Instruction Offset Source Data Expected Result
LB 0 0xEF 0xFFFFFFEF (sign-extend)
LBU 0 0xEF 0x000000EF (zero-extend)
LH 0 0xBEEF 0xFFFFBEEF (sign-extend)
LHU 0 0xBEEF 0x0000BEEF (zero-extend)
LB 1 0xBE 0xFFFFFFBE (sign-extend)
LBU 2 0xAD 0x000000AD (zero-extend)
LH 2 0xDEAD 0xFFFFDEAD (sign-extend)
LHU 2 0xDEAD 0x0000DEAD (zero-extend)

Test 14: UART Loopback

Purpose: Verify UART TX and RX functionality via loopback

This test verifies that the UART module can transmit a byte and receive it back (either via external loopback or testbench connection):

  1. Write to TX: CPU writes 0x55 to UART TX_DATA register.
  2. Transmission: UART transmits the byte (start bit + 8 data bits + stop bit).
  3. Loopback: The transmitted signal is fed back to the RX pin.
  4. Reception: UART receives the byte and updates RX_DATA and STATUS registers.
  5. Verification: CPU checks STATUS (TX_EMPTY=1, RX_VALID=1) and RX_DATA (0x55).
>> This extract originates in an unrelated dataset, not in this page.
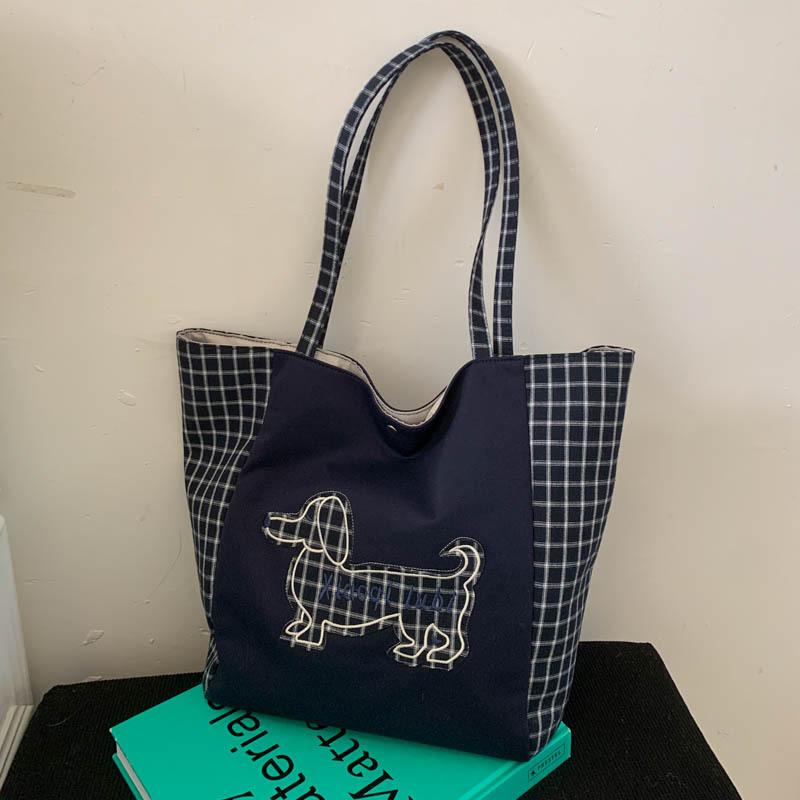 

Canvas bag women s large-capacity new autumn and winter versatile plaid shoulder bag college student commuting синий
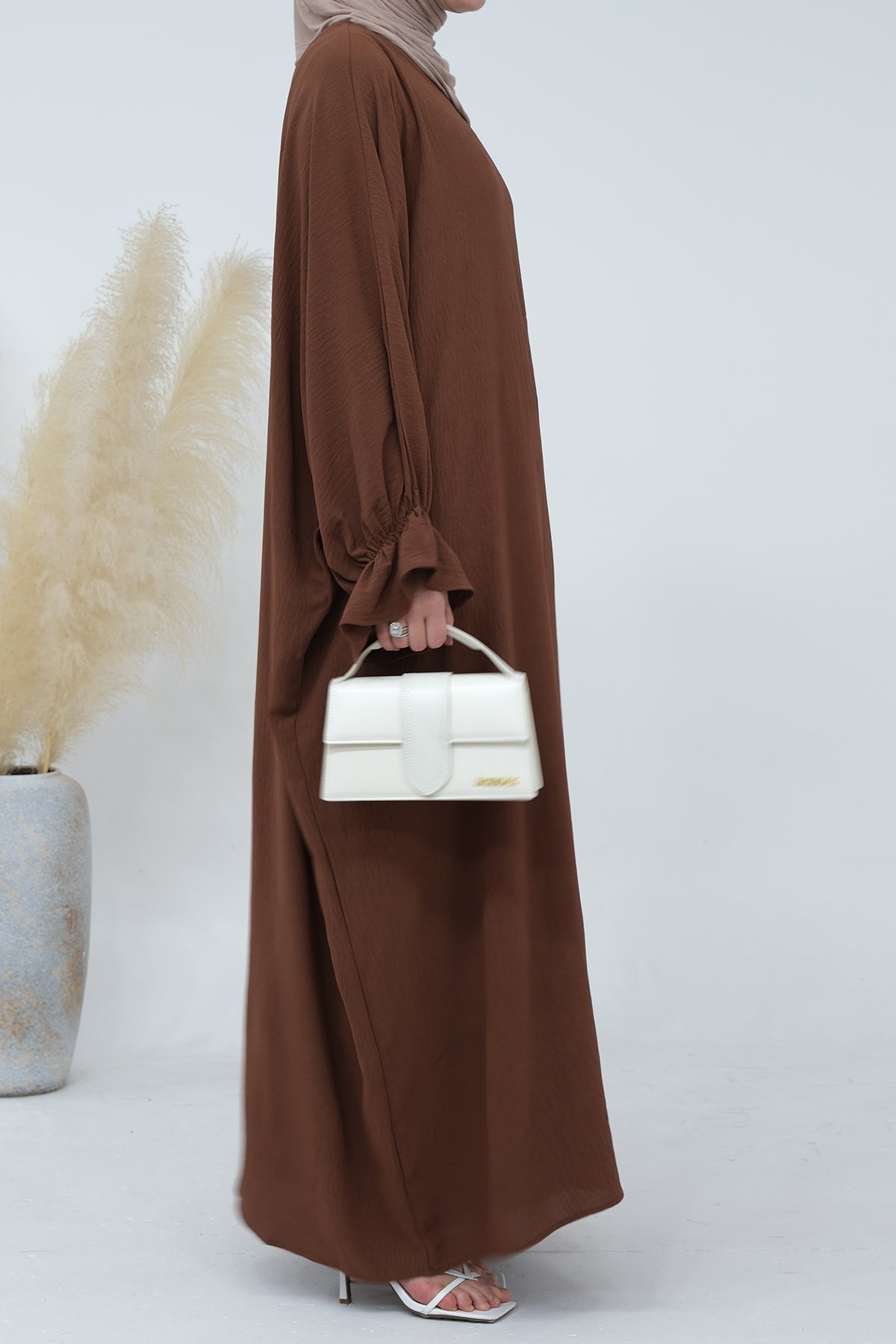 Natasha Cinched Sleeve Maxi Dress Abaya 669 - Coffee - Meliza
Test 15: RAW Hazard Stress

Purpose: Stress test the forwarding unit with long chains of dependencies

ADDI x1, x0, 1
ADD x2, x1, x1  (Forward from WB or EX)
ADD x3, x2, x2
...
SLT x15, x13, x12

Test 16: Full ALU Coverage

Purpose: Verify all ALU operations including corner cases

  • Verify SRAI, SLTI, SLTIU
  • Verify OR, XOR, SLL, SRL, SRA, SLT, SLTU
  • Verify store-load with ALU results

Test 17: Nested Loops

Purpose: Verify complex control flow and register persistence

for (i=0; i<3; i++) {
    for (j=0; j<3; j++) {
        sum += i + j;
    }
}

Test 18: Memory Access Pattern Stress

Purpose: extensive verification of byte/halfword loads and stores

  • Writes sequences of bytes/halfwords
  • Reads them back with mixed signed/unsigned instructions (LB, LBU, LH, LHU)
  • Specific test for Store-Load hazards (Store followed immediately by Load to same address)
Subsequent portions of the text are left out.